In Mexico, clashes between the Gulf Cartel and the Noroeste Cartel for control of drug trafficking routes along the US-Mexico border intensified in the state of Tamaulipas. On 24 April, at least 10 people were killed in the municipality of Camargo. The Noroeste Cartel has been seeking to expand its operation in Camargo, which has been controlled by the Gulf Cartel for decades (Infobae, 27 April 2021). It aims to link some of its territory in the state of Nuevo Leon to the US border area in the state of Tamaulipas (Infobae, 29 April 2021). As part of this expansion strategy, the Tropa del Infierno gang — the Noroeste Cartel’s armed wing — clashed with members of the National Guard in Los Aldama municipality, which is close to the border between the state of Nuevo Leon and Tamaulipas.

In Honduras, attacks targeting taxi and bus drivers have increased. Last week, at least five bus and taxi drivers were killed in four different incidents across the country. Such attacks are likely connected to the activities of the MS-13 or 18th Street gangs, the two main criminal organizations operating in the country. They have been relying on extortion payments, or so-called war taxes, from providers of passenger transportation services as an income base (The New York Times, 25 July 2019).
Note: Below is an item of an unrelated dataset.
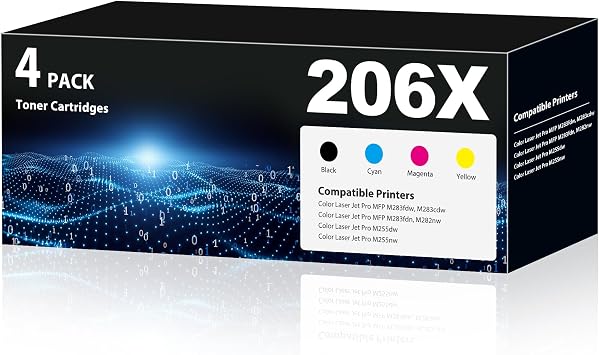 206X Toner Cartridgeswith Chip Pro MFP M283fdw M283cdw Compatible with HP 206X 206A HP206X W2110A Toner Cartridges Set for Color LaserJet Pro MFP M283cdw M283fdw M255dw M255nw Printer4 Pack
Transportation workers refusing to pay extortion fees to operate in gang-controlled neighborhoods are threatened and often killed. Thus far in 2021, ACLED records the killing of at least 63 taxi and bus drivers in Honduras, which is over half of the total number of taxi and bus driver fatalities recorded in 2020 — putting 2021 on pace to be more lethal than last year. In 2020, transportation companies reduced their activities as part of coronavirus lockdown measures, thus partially limiting their exposure to gangs’ extortion schemes. This surge of attacks against transportation operators in 2021 could be explained by the resumption of business activities, initiated after the progressive lifting of lockdown measures since June 2020 (Tiempo Digital, 13 July 2020) (for more on the impacts of the pandemic on gang violence in Honduras, see this ACLED report).